Registered Office: Clarendon House 2 Church Street Hamilton HM 11 Bermuda
Principal Place of Business: 45/F, One Exchange Square 8 Connaught Place Central Hong Kong
9 December 2021
To the Shareholders
Dear Sir or Madam,
PROPOSED SHARE CONSOLIDATION, PROPOSED CHANGE IN BOARD LOT SIZE AND NOTICE OF SPECIAL GENERAL MEETING
INTRODUCTION
Reference is made to the announcement of the Company dated 3 December 2021 in relation to, among other matters, the proposed Share Consolidation and proposed Change in Board Lot Size. The purpose of this circular is to provide you with more information regarding the proposed Share Consolidation, proposed Change in Board Lot Size and the notice of SGM.
– 5 –
LETTER FROM THE BOARD
PROPOSED SHARE CONSOLIDATION
The Board proposes to implement the Share Consolidation on the basis that every forty (40) Existing Shares in the issued and unissued share capital of the Company be consolidated into one (1) Consolidated Share.
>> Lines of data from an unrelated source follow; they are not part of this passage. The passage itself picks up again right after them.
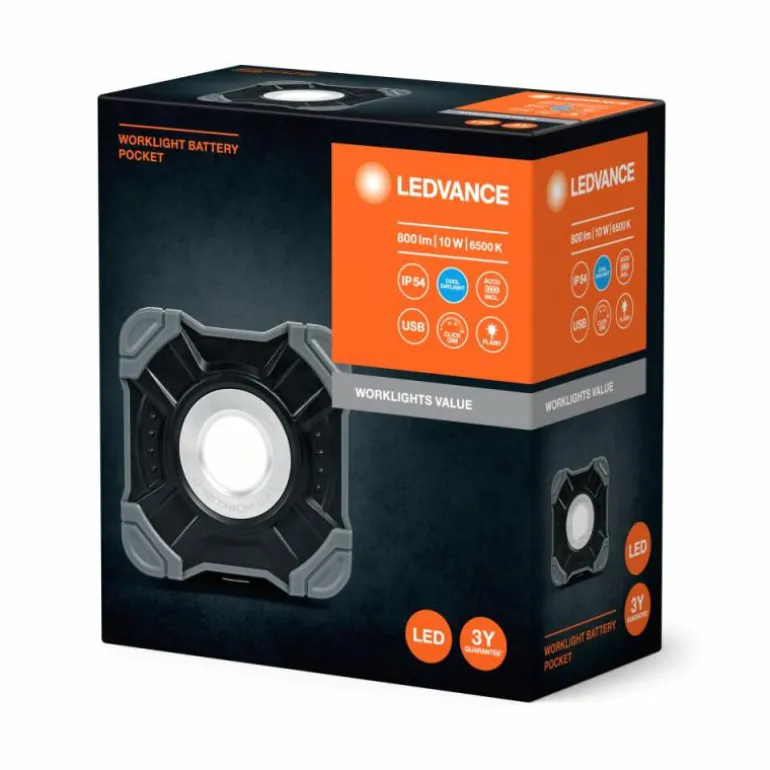 Worklight Projecteur Luminaires Ledvance LED Gris, Noir, 1 lumière
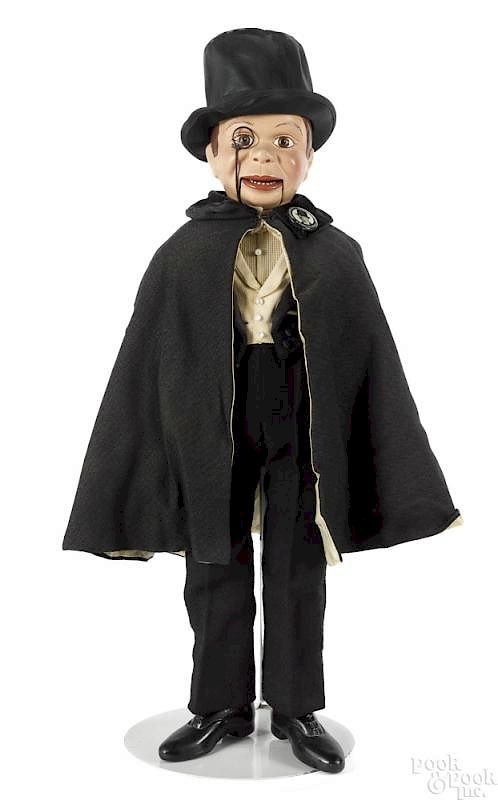 Appraisal: Effanbee composition Charlie McCarthy doll Effanbee composition Charlie McCarthy doll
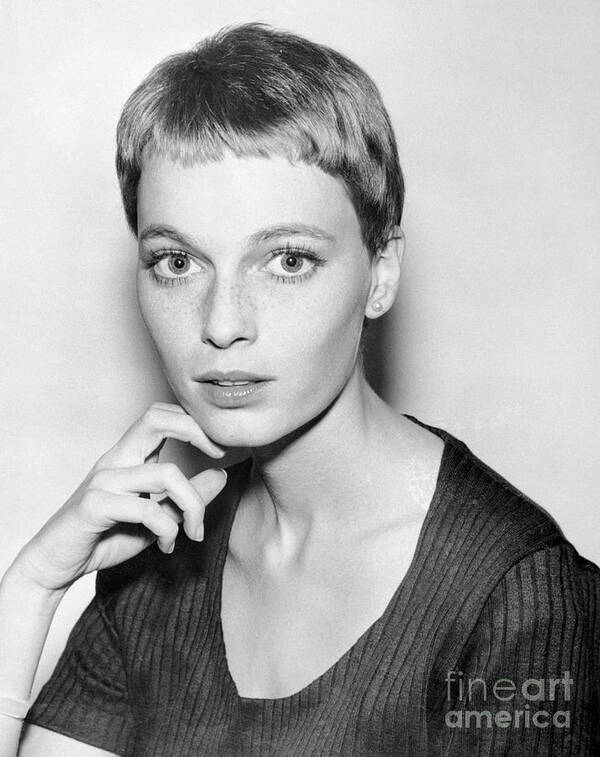 Event Art Print featuring the photograph Mia Farrow by Bettmann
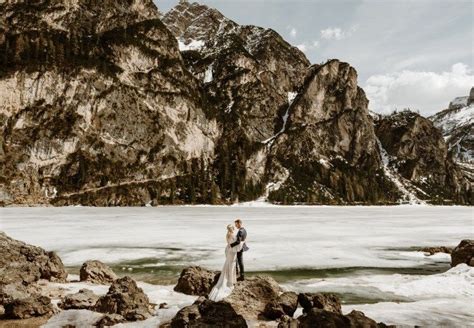 Lago Di Braies Elopement In The Dolomites Dolomites Wedding
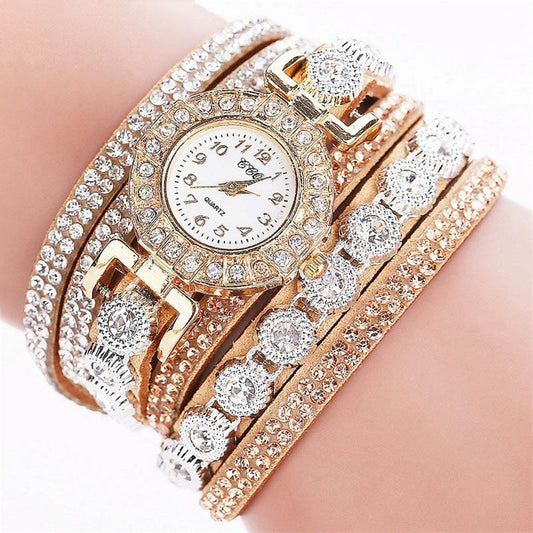 New Fashion Ladies Full Diamond Steel Bracelet With Digital Scale Women&#039;s Watch In Stock Wholesale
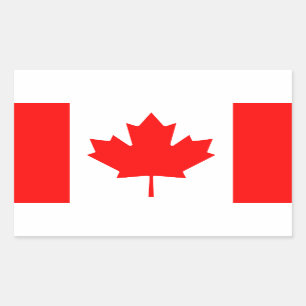 Adesivo Retangular Bandeira de Canadá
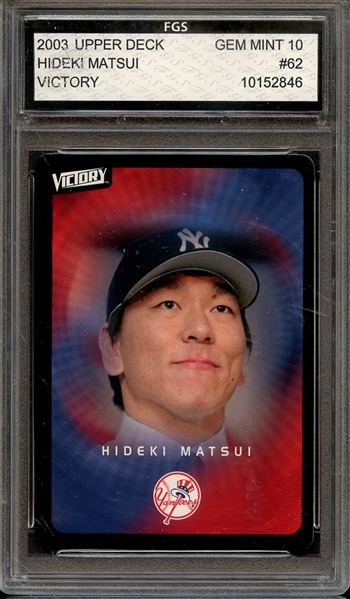 2003 UPPER DECK VICTORY 62 HIDEKI MATSUI FGS 10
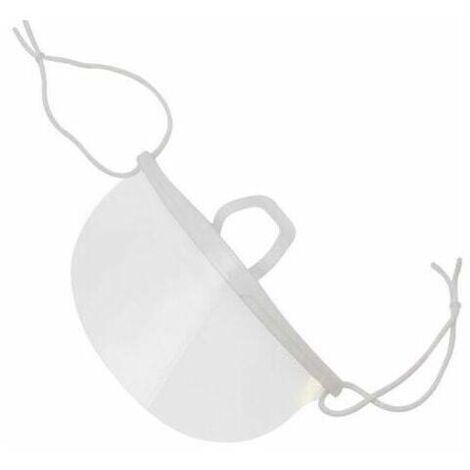 SHINING HOUSE Visera protectora reutilizable de 20 piezas en color blanco: cubre boca y nariz, protección facial antisalpicaduras y antisalpicaduras para hombres y mujeres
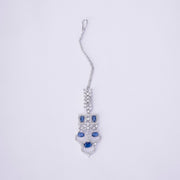 Opal Touch - Bridal Cubic Zirconia Chocker Necklace Set With Tika - Necklace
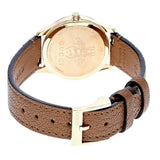 Buy Shop Gucci G Timeless Quartz Silver Dial Brown Leather Strap Watch For Women - YA1265022 USA Online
Effects of the Share Consolidation
As at the Latest Practicable Date, there are 46,978,667,729 Existing Shares of in issue which are fully paid or credited as fully paid. Assuming no further Existing Shares will be allotted, issued or repurchased from the Latest Practicable Date up to the date of the SGM, upon the Share Consolidation becoming effective, there will be 1,174,466,693 Consolidated Shares in issue which are fully paid or credited as fully paid.
Upon the Share Consolidation becoming effective, the Consolidated Shares shall rank pari passu in all respects with each other.
Other than the expenses to be incurred in relation to the Share Consolidation, the implementation of the Share Consolidation will not alter the underlying assets, business operations, management or financial position of the Company or the proportionate interests or rights of the Shareholders.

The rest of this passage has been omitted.